Working data: Begin

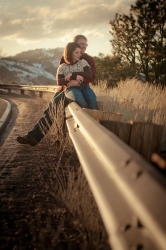 A couple cuddle next to a highway as the sun sets behind them.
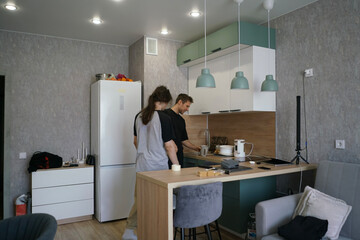 Two friends engage in a lively conversation while preparing food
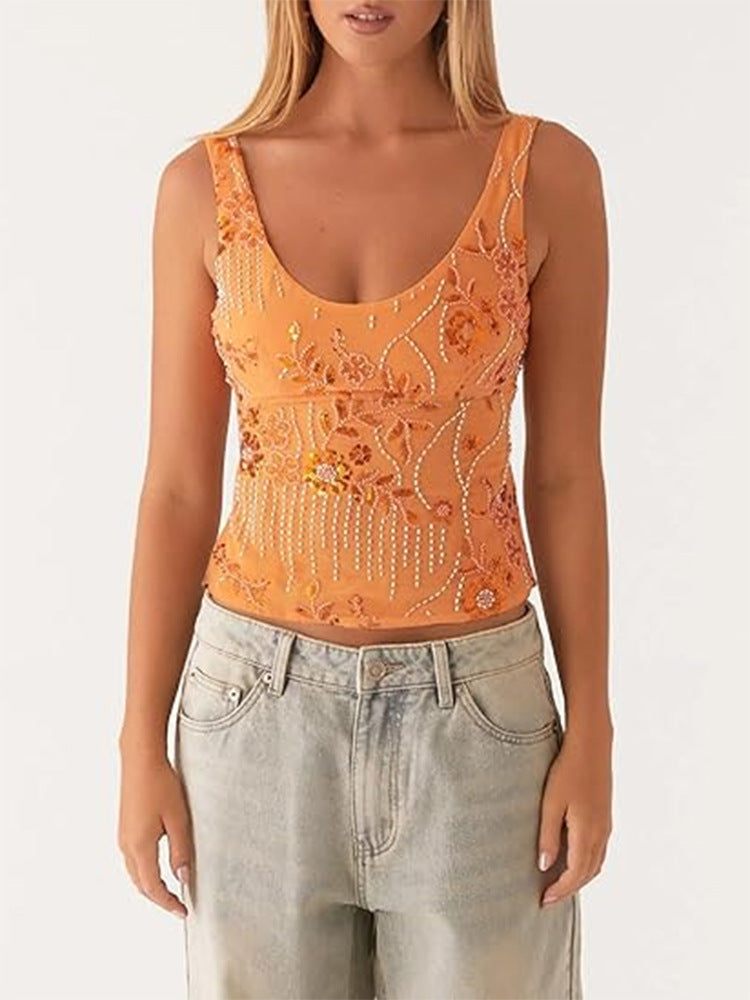 Damescouture topp med blomstret rhinestonesdesign og tettsittende snitt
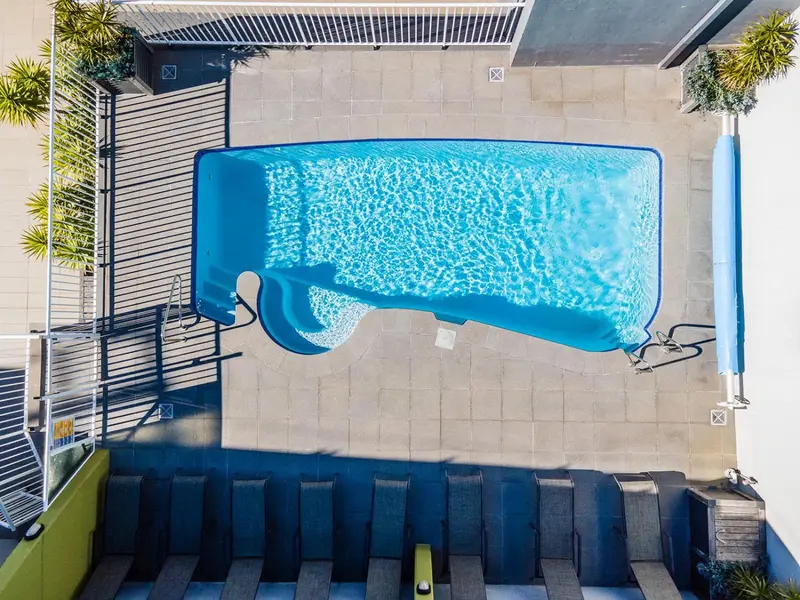 Vue aérienne d'une piscine rectangulaire avec un toboggan et des transats.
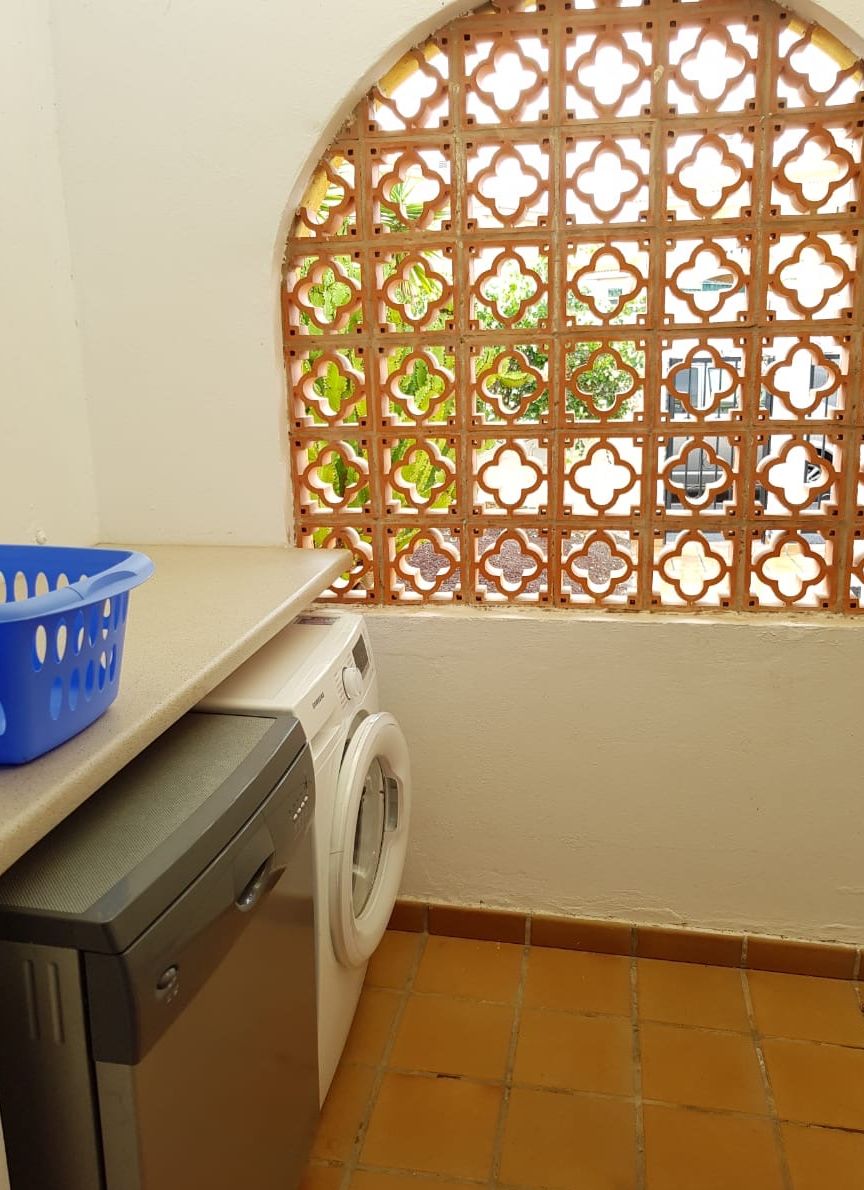 Un espace buanderie comprenant un lave-linge, un sèche-linge et un panier bleu posé sur un plan de travail.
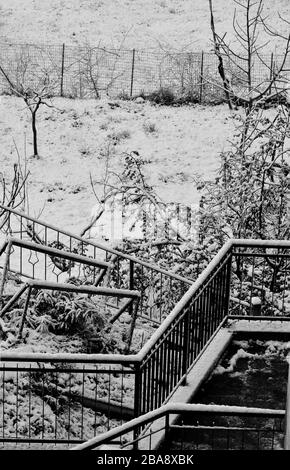 Schnee auf dem Geländer eines Hauses und im kleinen Garten. Spiel der Linien und Kontraste des Lichts Stockfoto
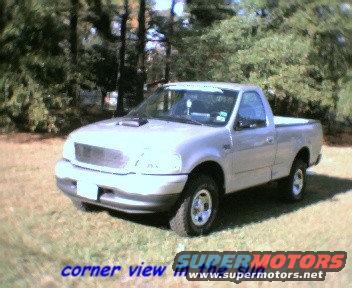 Silver 2000 Ford F-150 regular cab pickup truck parked on grass with trees in background
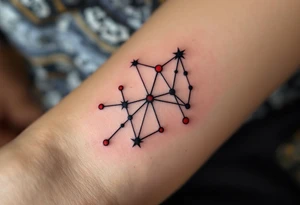 A geometric Capricorn constellation in crisp black ink with vibrant red dots marking each star. tattoo idea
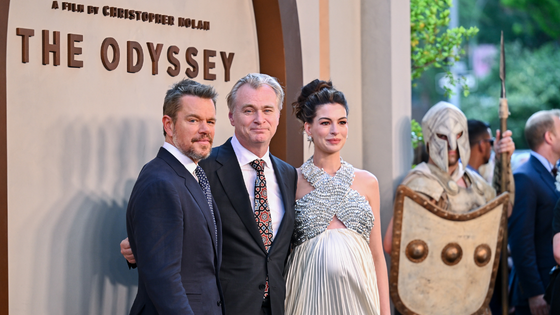 Three people pose in front of a sign reading 'The Odyssey'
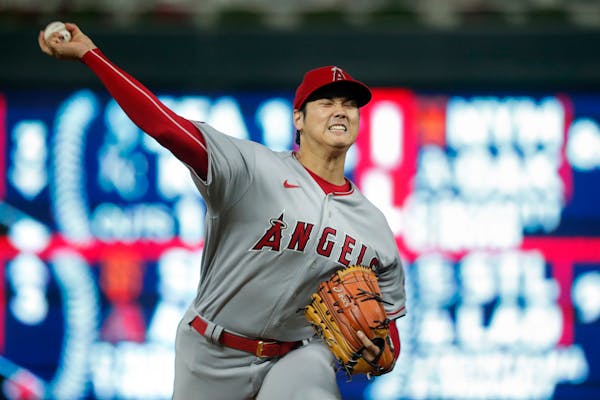 Shohei Ohtani throws to a Twins batter during the third inning Friday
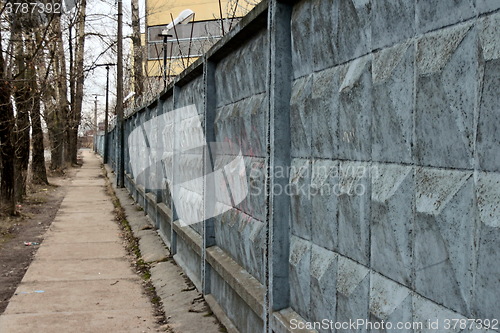 Image of  dreary road along the prison wall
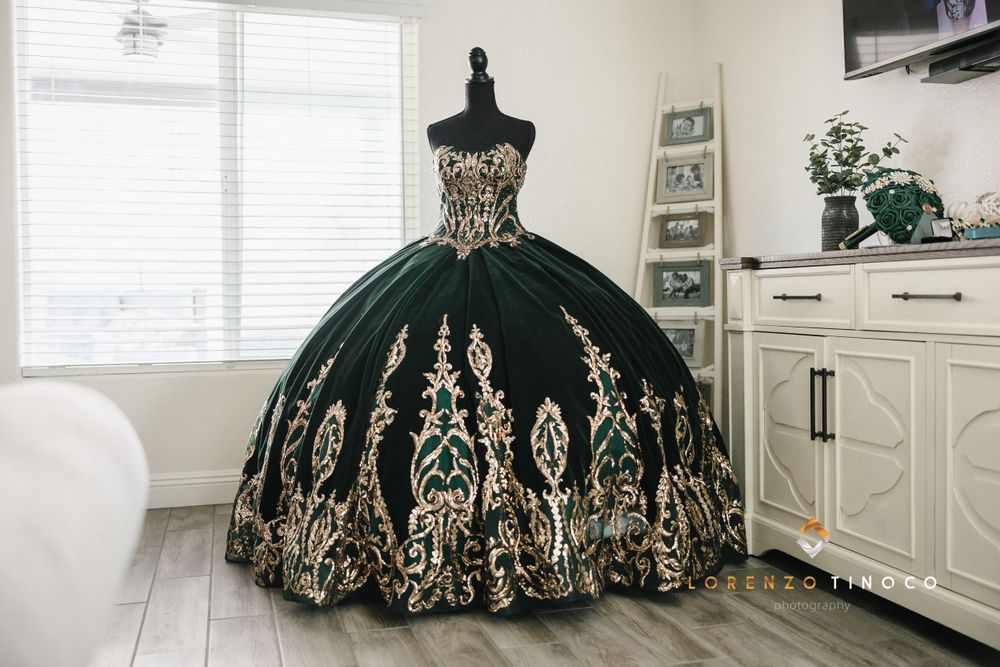 An elegant black ball gown with gold embroidery displayed on a mannequin in a bright room.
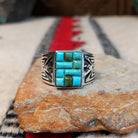 Turquoise inlay ring by Donald Douglas with Man in the Maze design.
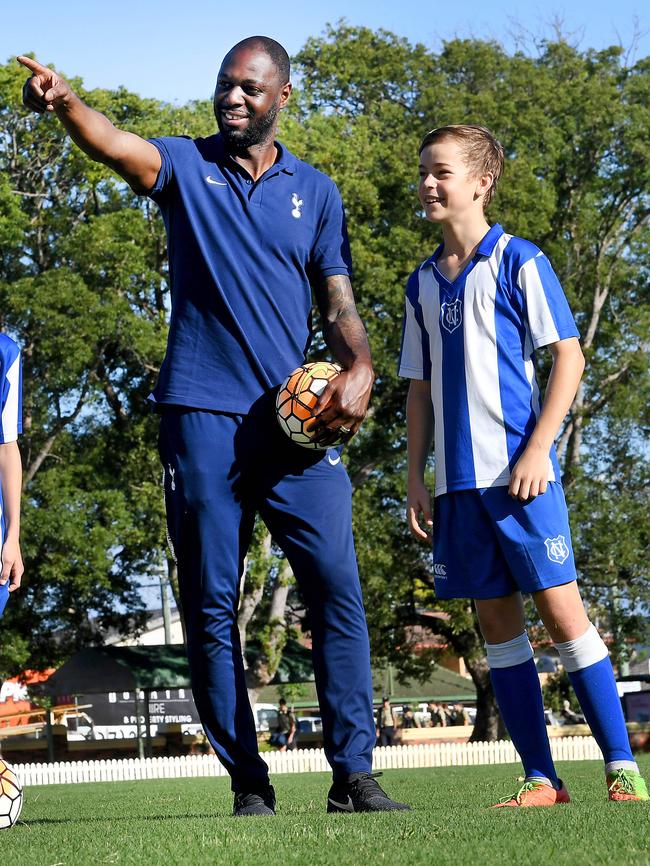 Jamie Waddington three years ago at Nudgee College with former Tottenham Hotspur captain Ledley King. (AAP image, John Gass)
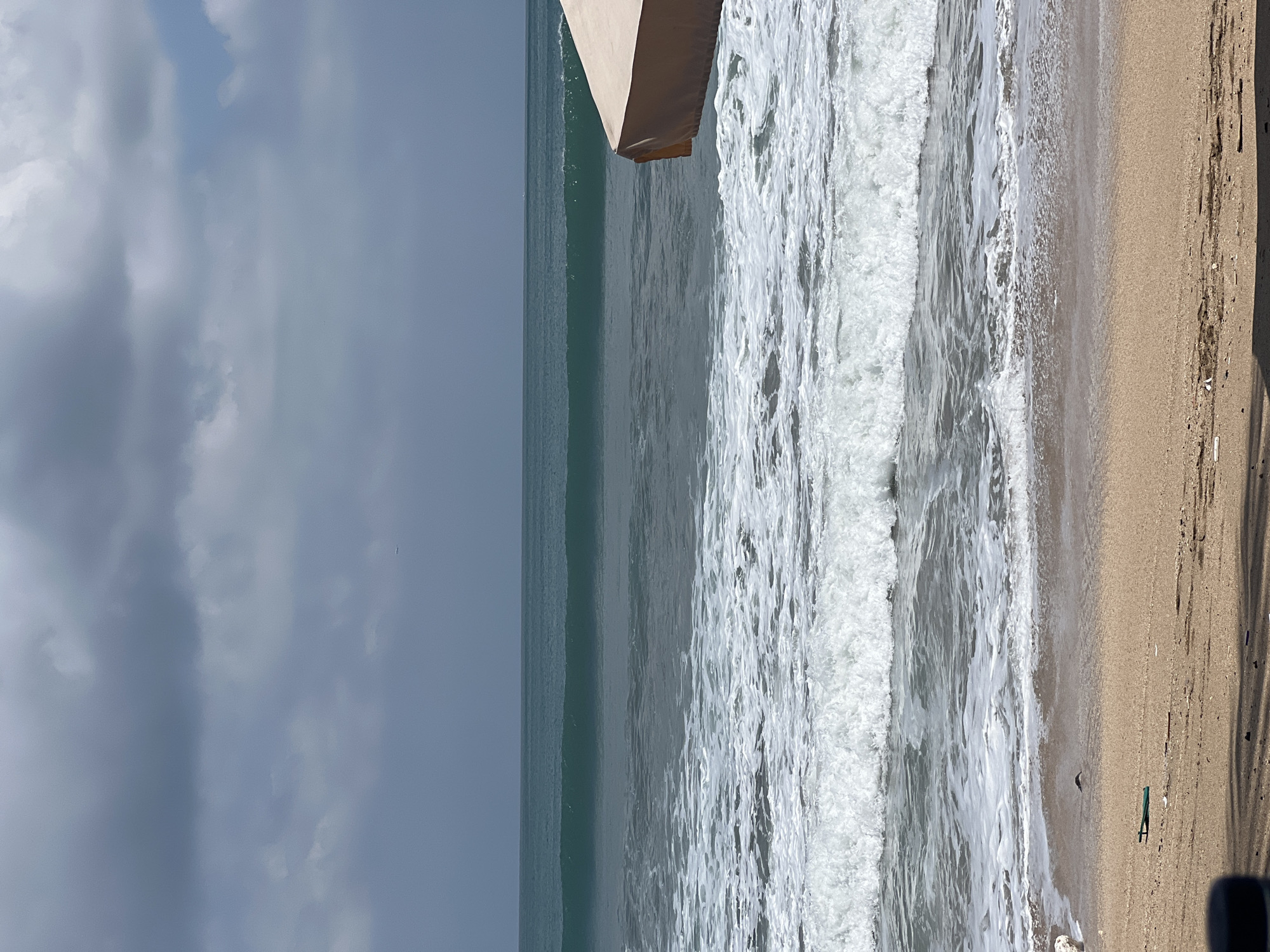 An overcast sky looms over a tranquil ocean scene in Kuta, Indonesia. The vast expanse of the sea is characterized by a series of waves, ranging from a gentle swell further out to frothy, white-capped breakers closer to the shore. The water transitions from a deep, dark teal in the distance to a lighter, more agitated green and white near the beach.
The foreground is dominated by a sandy beach, speckled with small debris and shadows cast by an unseen object, possibly a beach umbrella, partially visible in the upper right corner. The umbrella is a pale, sandy color and appears to be made of fabric. The sand itself is a light tan, with areas of dampness where the waves have receded. The overall atmosphere suggests a calm, perhaps slightly cool day, with the clouds obscuring direct sunlight. There are no people visible in the frame, and the scene is devoid of any discernible activity beyond the natural movement of the waves.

Working data: End

Print the listing again exactly as it appears, except for the pictures, which stay out.

 A couple cuddle next to a highway as the sun sets behind them.
 Two friends engage in a lively conversation while preparing food
 Damescouture topp med blomstret rhinestonesdesign og tettsittende snitt
 Vue aérienne d'une piscine rectangulaire avec un toboggan et des transats.
 Un espace buanderie comprenant un lave-linge, un sèche-linge et un panier bleu posé sur un plan de travail.
 Schnee auf dem Geländer eines Hauses und im kleinen Garten. Spiel der Linien und Kontraste des Lichts Stockfoto
 Silver 2000 Ford F-150 regular cab pickup truck parked on grass with trees in background
 A geometric Capricorn constellation in crisp black ink with vibrant red dots marking each star. tattoo idea
 Three people pose in front of a sign reading 'The Odyssey'
 Shohei Ohtani throws to a Twins batter during the third inning Friday
 Image of  dreary road along the prison wall
 An elegant black ball gown with gold embroidery displayed on a mannequin in a bright room.
 Turquoise inlay ring by Donald Douglas with Man in the Maze design.
 Jamie Waddington three years ago at Nudgee College with former Tottenham Hotspur captain Ledley King. (AAP image, John Gass)
 An overcast sky looms over a tranquil ocean scene in Kuta, Indonesia. The vast expanse of the sea is characterized by a series of waves, ranging from a gentle swell further out to frothy, white-capped breakers closer to the shore. The water transitions from a deep, dark teal in the distance to a lighter, more agitated green and white near the beach.
The foreground is dominated by a sandy beach, speckled with small debris and shadows cast by an unseen object, possibly a beach umbrella, partially visible in the upper right corner. The umbrella is a pale, sandy color and appears to be made of fabric. The sand itself is a light tan, with areas of dampness where the waves have receded. The overall atmosphere suggests a calm, perhaps slightly cool day, with the clouds obscuring direct sunlight. There are no people visible in the frame, and the scene is devoid of any discernible activity beyond the natural movement of the waves.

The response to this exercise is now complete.